Well Walter's blood work came back normal, however his ultrasound did not come back normal, according to the ultrasound tech, the tech would not even give an opinion. I will not know until tomorrow when the doctor can read Walter's ultrasound, my own vet said it was a good thing we did the ultrasound, all he gleaned from talking to the tech was that Walter's pancreas is laden with cysts and his intestinal walls are disturbing thick. 

Please keep my grumpy boy in your thoughts


----------



## lily cd re (Jul 23, 2012)

Oh I am sorry to hear that the ultrasound findings are complicated. I hope the radiologist can give you a clear picture of what is going on and that a good management plan can be developed. My vet generally thinks that some level of pancreatitis is common in older cats because the pancreatic duct is very short and connects to the very first part of the small intestine where the gut lumen contents are still somewhat acidic after leaving the stomach. The thickening of the intestinal wall suggests he may be having some nutritional malabsorption issues.


----------



## twyla (Apr 28, 2010)

Thickness of the intestinal wall can be attributed to I.B.S.

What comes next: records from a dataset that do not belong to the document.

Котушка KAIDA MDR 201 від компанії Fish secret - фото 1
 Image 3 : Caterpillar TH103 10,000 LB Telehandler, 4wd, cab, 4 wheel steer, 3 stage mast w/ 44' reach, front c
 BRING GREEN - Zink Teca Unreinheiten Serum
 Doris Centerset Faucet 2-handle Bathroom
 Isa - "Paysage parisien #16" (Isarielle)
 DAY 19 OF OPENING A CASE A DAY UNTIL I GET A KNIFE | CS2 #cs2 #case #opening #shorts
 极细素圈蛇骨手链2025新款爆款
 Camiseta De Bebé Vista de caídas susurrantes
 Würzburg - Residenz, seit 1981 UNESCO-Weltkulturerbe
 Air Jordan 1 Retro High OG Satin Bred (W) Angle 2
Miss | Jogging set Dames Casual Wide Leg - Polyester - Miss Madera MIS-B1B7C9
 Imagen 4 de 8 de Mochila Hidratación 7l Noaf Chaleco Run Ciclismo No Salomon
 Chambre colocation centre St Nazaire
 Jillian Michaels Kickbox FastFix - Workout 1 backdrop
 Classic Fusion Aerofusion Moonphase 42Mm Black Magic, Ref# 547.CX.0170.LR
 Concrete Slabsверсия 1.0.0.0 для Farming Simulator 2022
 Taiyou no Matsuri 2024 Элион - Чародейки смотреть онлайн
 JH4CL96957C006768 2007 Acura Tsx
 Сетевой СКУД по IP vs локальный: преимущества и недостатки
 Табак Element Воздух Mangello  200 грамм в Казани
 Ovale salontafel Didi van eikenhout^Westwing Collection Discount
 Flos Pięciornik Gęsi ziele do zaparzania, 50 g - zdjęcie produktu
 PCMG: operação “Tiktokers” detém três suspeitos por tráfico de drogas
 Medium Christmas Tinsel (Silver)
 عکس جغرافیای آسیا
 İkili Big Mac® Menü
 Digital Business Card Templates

But from my reading cats do not develop true Pancreatic cysts, pancreatic psuedocysts are seen in cats and are a symptomatic of Pancreatitis which is fairly rare in cats, lots of stuff can cause it: contagious infections like toxoplasmosis and distemper, exposure to poisons including insecticides and certain drugs, bacterial infection in the intestines, even direct damage to the pancreas following physical injury can can it.

I am worried, I know there isn't anything I can do at the moment but wait, my vet told me if I do not hear from him by noon to call.

I truly hope I can help my boy


----------



## Muggles (Mar 14, 2015)

Sorry to hear that Twyla, I hope you and Walter get good news!


----------



## MollyMuiMa (Oct 13, 2012)

OH Twyla! You must be on pins and needles waiting for that call tomorrow! I just hope it is something mangeable for you and Walter! A prayer for Walter at bedtime tonight is in order! Try to get a decent night's sleep too!


----------



## Viking Queen (Nov 12, 2014)

I am also keeping you and Walter in my prayers.

I know how difficult this is for both of you.

Cathy


----------



## fjm (Jun 4, 2010)

Thinking of you both - I hope that whatever the problems prove to be there are things you can do to mitigate them.


----------



## twyla (Apr 28, 2010)

Thanks everyone I haven't heard anything yet..

this evening was nutty, Leonard has it in his little bean to harass Walter. 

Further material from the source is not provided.